The data -
☆ ☆ ☆ ☆ ☆ ☆ ☆

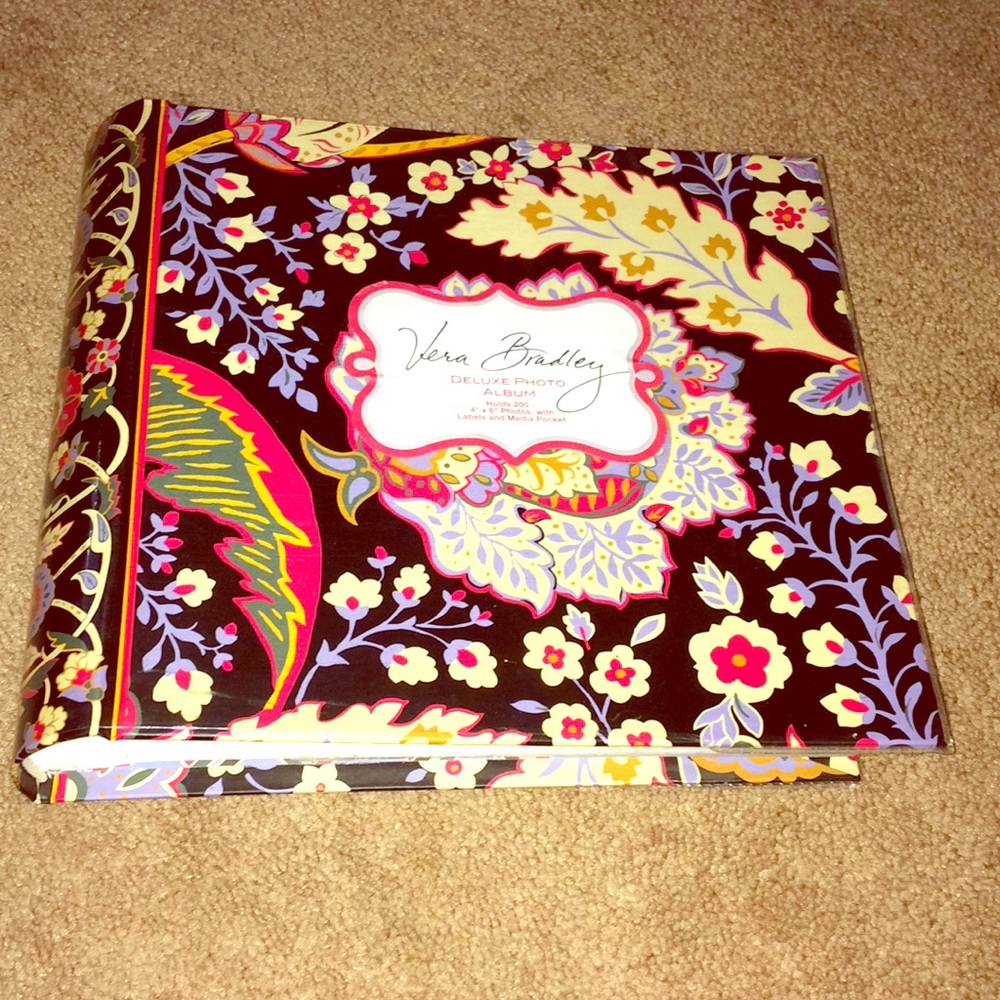 Vera Bradley Deluxe Photo Album
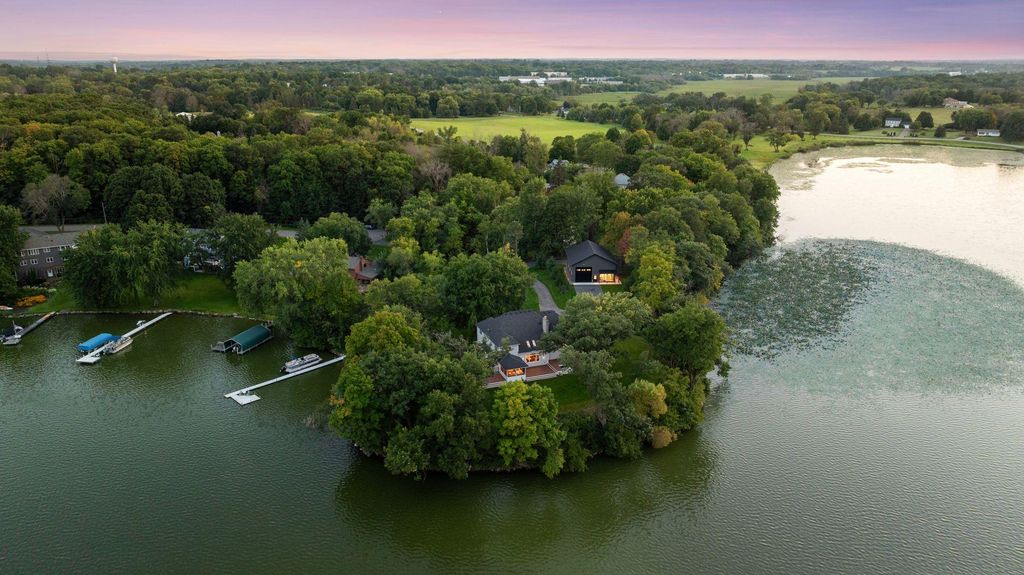 Photo of 5112 S Lakeshore Drive, Independence, MN 55359 (MLS # 7022851)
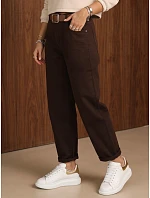 Jeansy damskie mom fit z paskiem ciemnobrązowe FashionStreet UY3225 Jeansy damskie mom fit z paskiem ciemnobrązowe FashionStreet UY3225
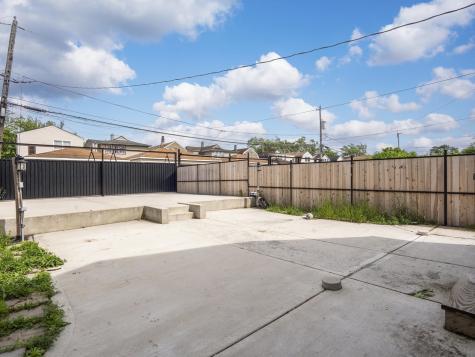 1133 North Kedvale Avenue Chicago IL 60651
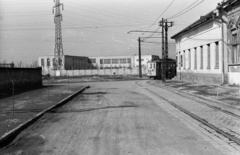 Magyarország, Budapest XX., Baross utca a Hátár út felé nézve. A kép forrását kérjük így adja meg: Fortepan / Budapest Főváros Levéltára. Levéltári jelzet: HU.BFL.XV.19.c.10, 1958, Budapest Főváros Levéltára / BRFK helyszínelési fényképei, BRFK Hivatala Bűnügyi Technikai Osztály, utcakép, villamos, távvezeték, Budapest, Fortepan #104000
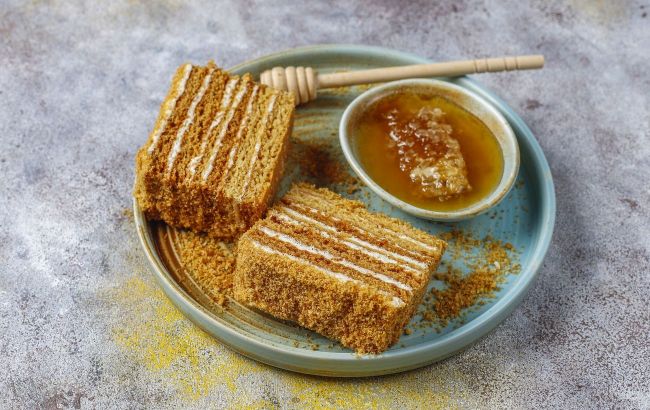 Ukrainians furious over NYT calling Medovyk 'Russian' cake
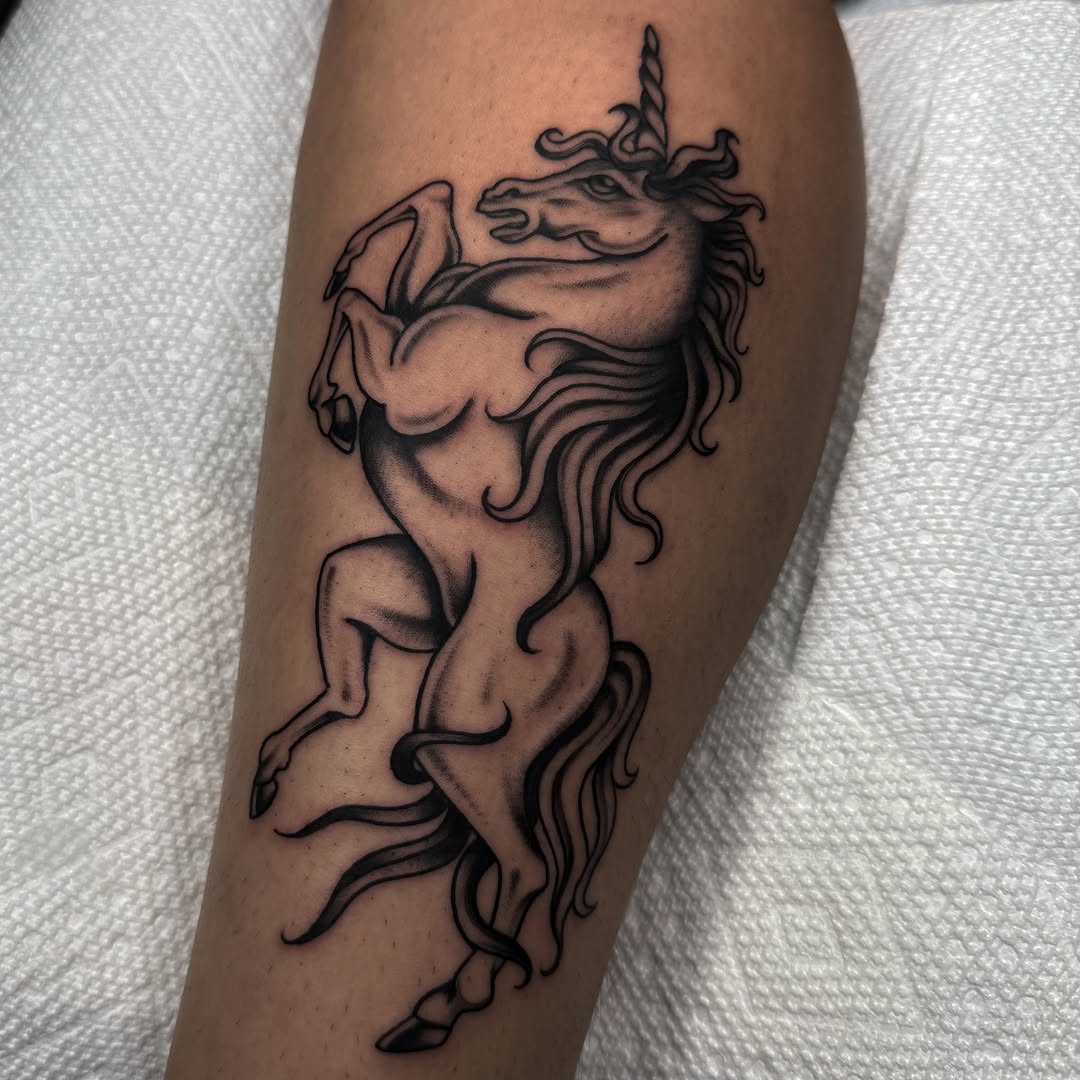 Tattoo by @wolfhazel β black_and_grey
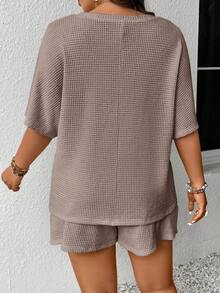 SHEIN Frenchy 2pcs/Set Plus Size Summer New Vacation Short Sleeve T-Shirt And Shorts - Grey - View 2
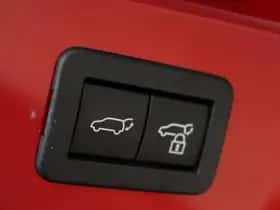 Toyota C-HR (2025) thumbnail 18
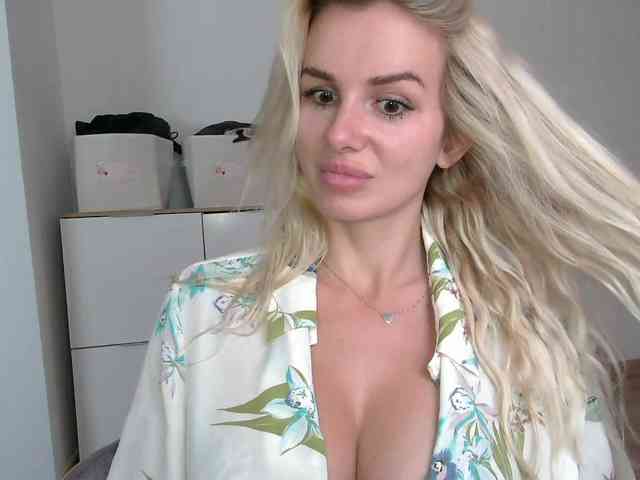 CorneliaSweet webcam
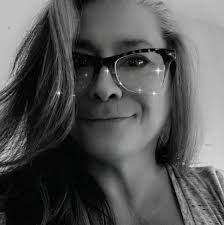 My money plant is looking rather thin. It keeps losing lower leaves. How do  I encourage it to maintainer a rounder more full appearance? I think I need  to repot her. |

☆ ☆ ☆ ☆ ☆ ☆ ☆

Activity - Retype the records exactly, but skip the pictures.

Result -
 Vera Bradley Deluxe Photo Album
 Photo of 5112 S Lakeshore Drive, Independence, MN 55359 (MLS # 7022851)
 Jeansy damskie mom fit z paskiem ciemnobrązowe FashionStreet UY3225 Jeansy damskie mom fit z paskiem ciemnobrązowe FashionStreet UY3225
 1133 North Kedvale Avenue Chicago IL 60651
 Magyarország, Budapest XX., Baross utca a Hátár út felé nézve. A kép forrását kérjük így adja meg: Fortepan / Budapest Főváros Levéltára. Levéltári jelzet: HU.BFL.XV.19.c.10, 1958, Budapest Főváros Levéltára / BRFK helyszínelési fényképei, BRFK Hivatala Bűnügyi Technikai Osztály, utcakép, villamos, távvezeték, Budapest, Fortepan #104000
 Ukrainians furious over NYT calling Medovyk 'Russian' cake
 Tattoo by @wolfhazel β black_and_grey
 SHEIN Frenchy 2pcs/Set Plus Size Summer New Vacation Short Sleeve T-Shirt And Shorts - Grey - View 2
 Toyota C-HR (2025) thumbnail 18
 CorneliaSweet webcam
 My money plant is looking rather thin. It keeps losing lower leaves. How do  I encourage it to maintainer a rounder more full appearance? I think I need  to repot her. |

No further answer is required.